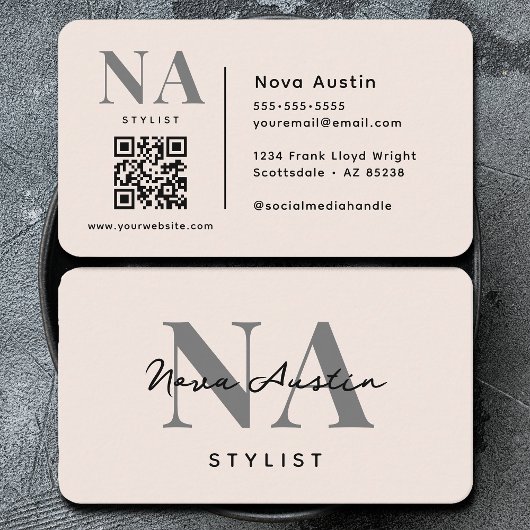 モノグラムラグジュアリー美学赤面ピンクQRコード 名刺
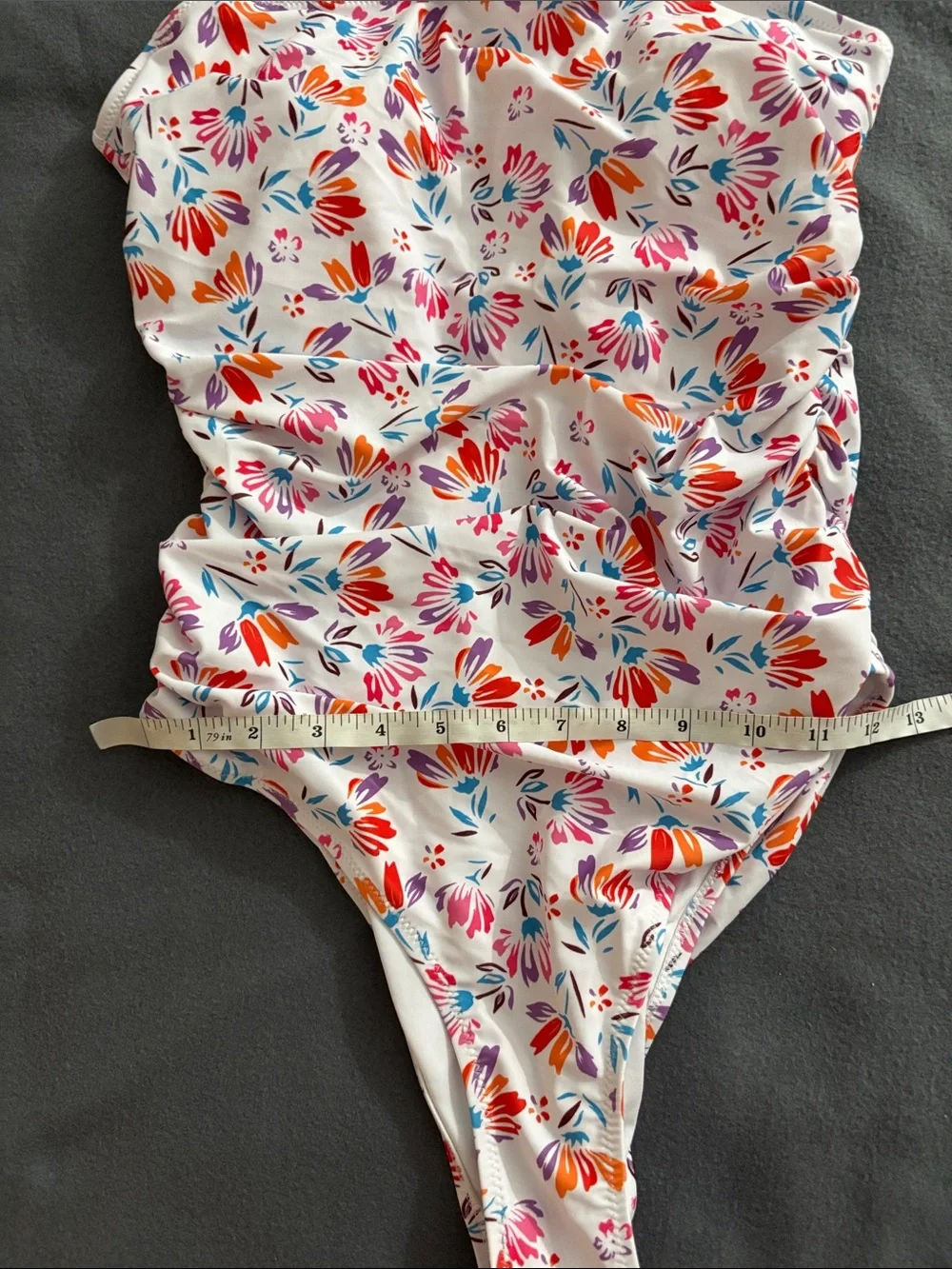 Hilinker Floral Ruched One Piece Swimsuit NWT Size M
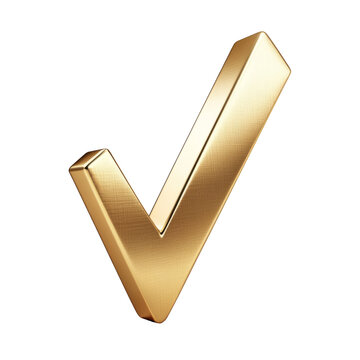A shiny gold tick mark, often symbolizing confirmation or correct choice
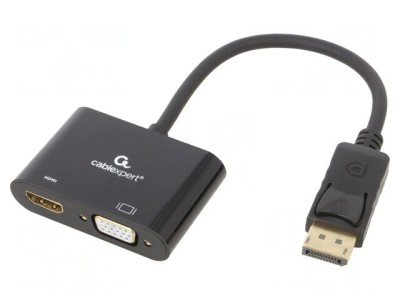 Convertor DisplayPort 1.2 Negru HDMI/VGA foto
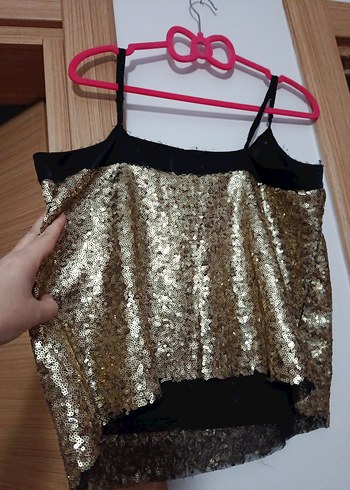 Parlak Altın Payetli Mini Atlet - Görsel 4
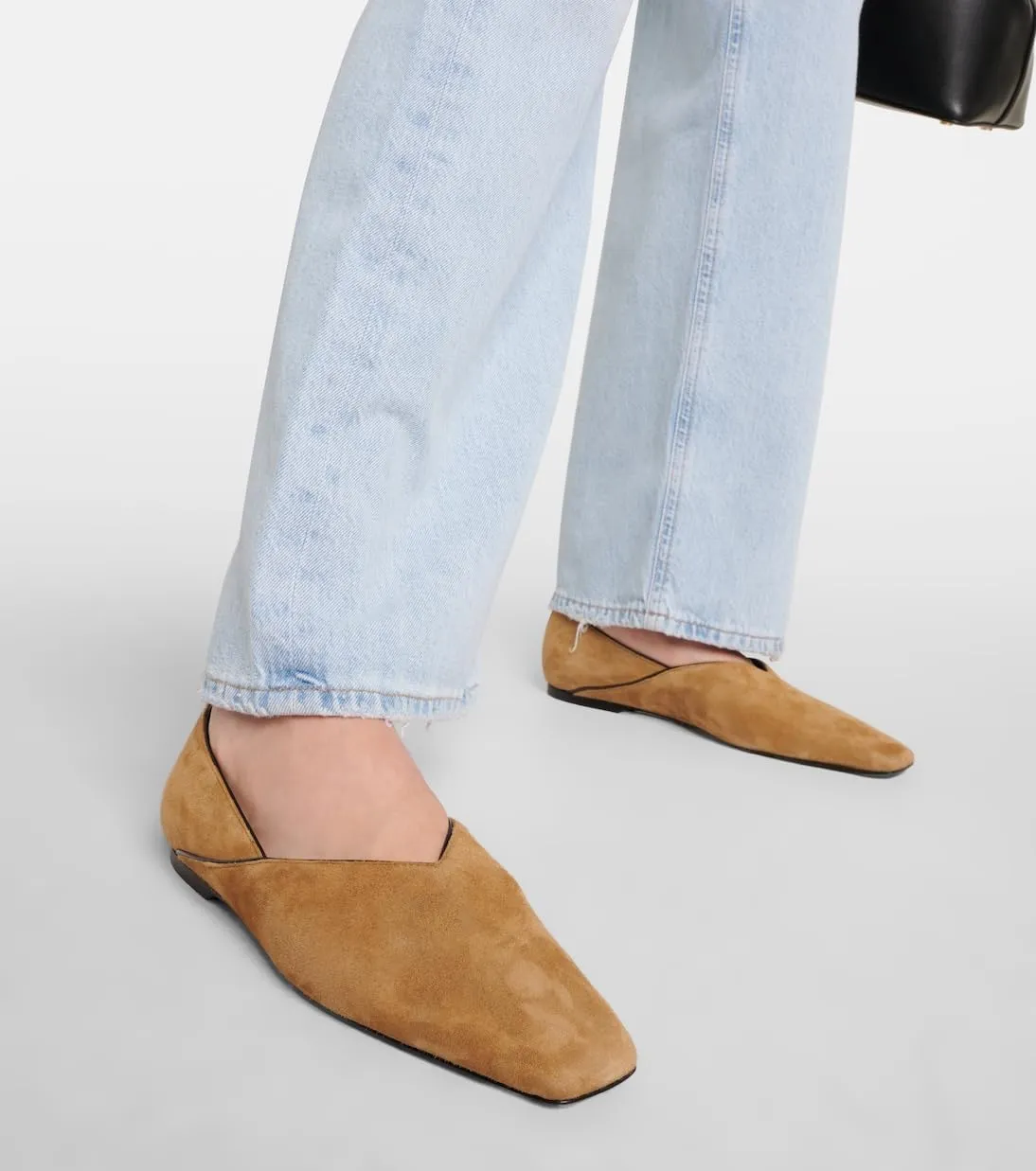 Women's Suede Ballet Flats Square Toe Slip-on Mary Jane Flat Shoes Casual Comfort Everyday Mules
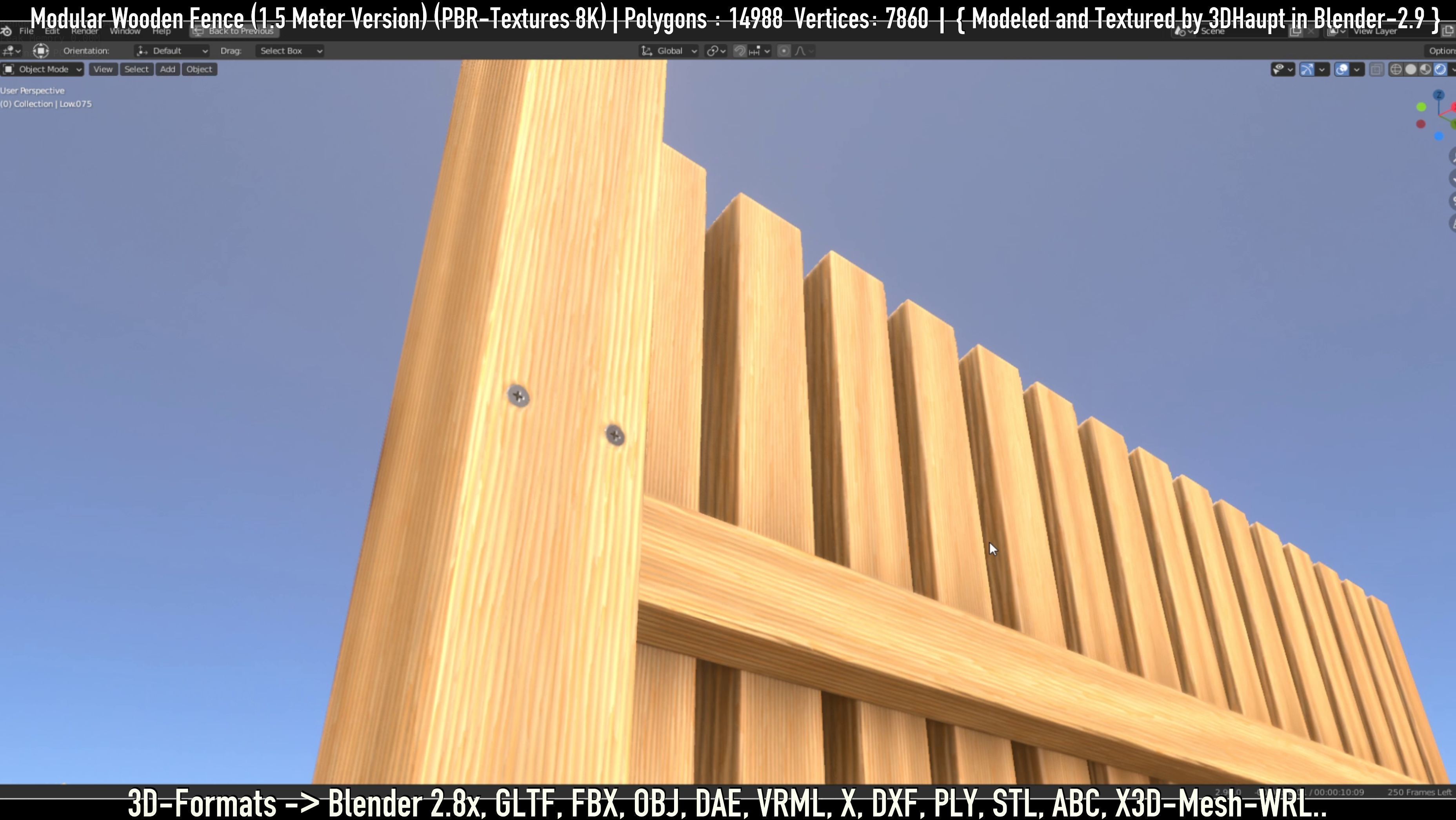 Modular Wooden Fence 1500mm Version Low-poly 3D model_67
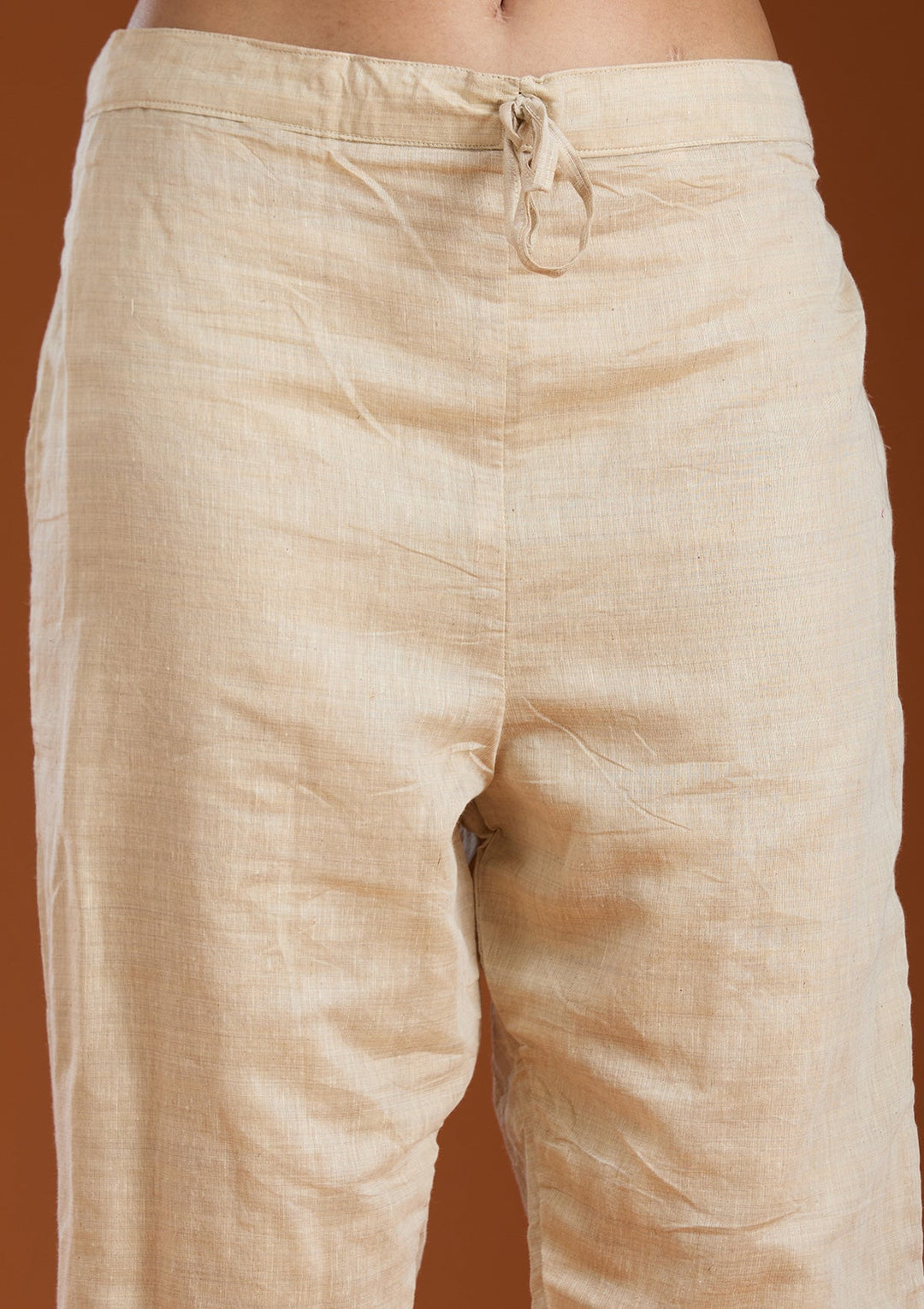 Beige Threadwork Chanderi Readymade Salwar Suit_koskii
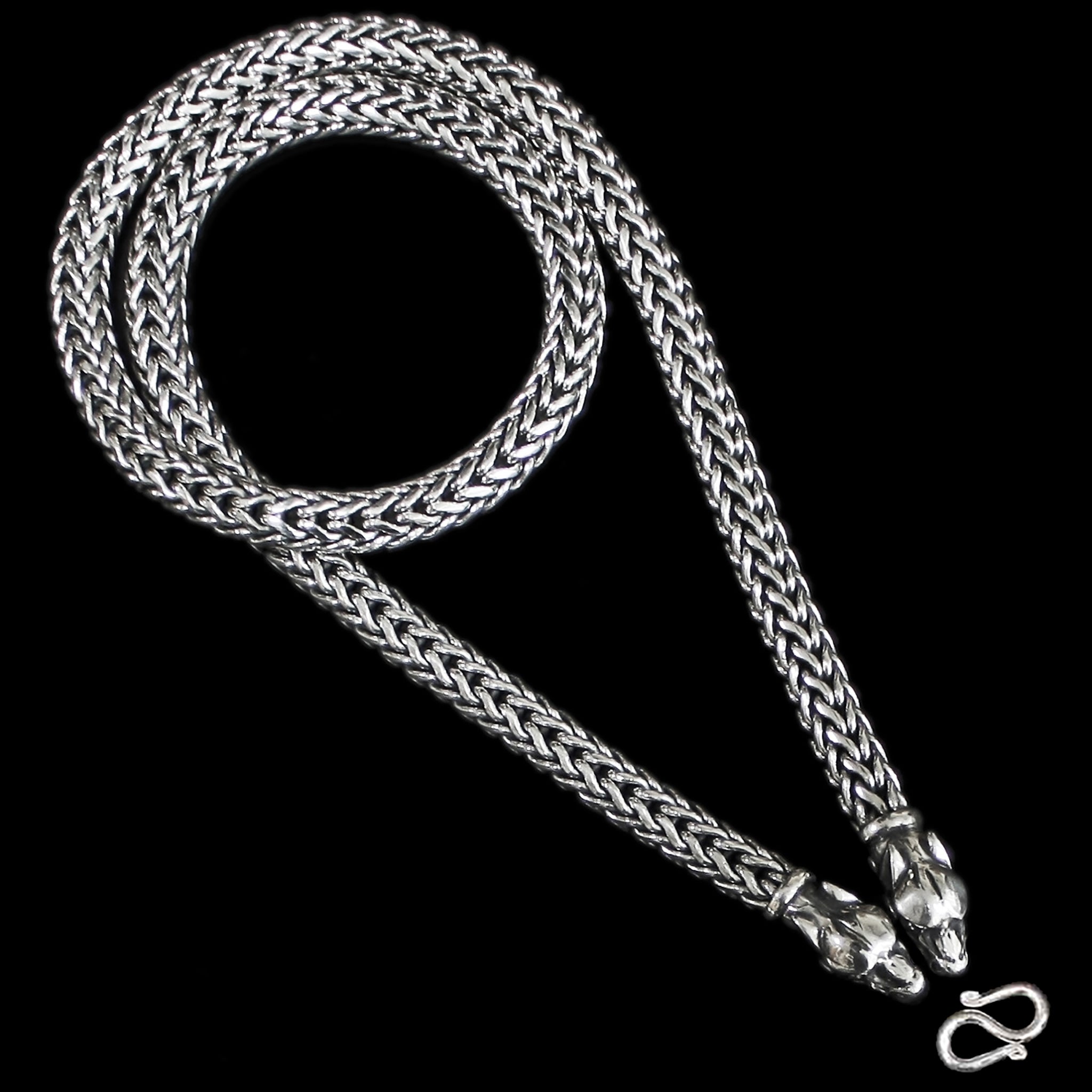 8mm Thick Silver Snake Chain Thors Hammer Necklace - Ferocious Wolf Heads - S-Clasp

..........

> [WHAT YOU HAVE TO DO] Where the line containing "Parlak Altın Payetli Mini Atlet - Görsel 4" appears in the data above, begin there and output every line through the last, exactly and without pictures.

> [SOLUTION]
 Parlak Altın Payetli Mini Atlet - Görsel 4
 Women's Suede Ballet Flats Square Toe Slip-on Mary Jane Flat Shoes Casual Comfort Everyday Mules
 Modular Wooden Fence 1500mm Version Low-poly 3D model_67
 Beige Threadwork Chanderi Readymade Salwar Suit_koskii
 8mm Thick Silver Snake Chain Thors Hammer Necklace - Ferocious Wolf Heads - S-Clasp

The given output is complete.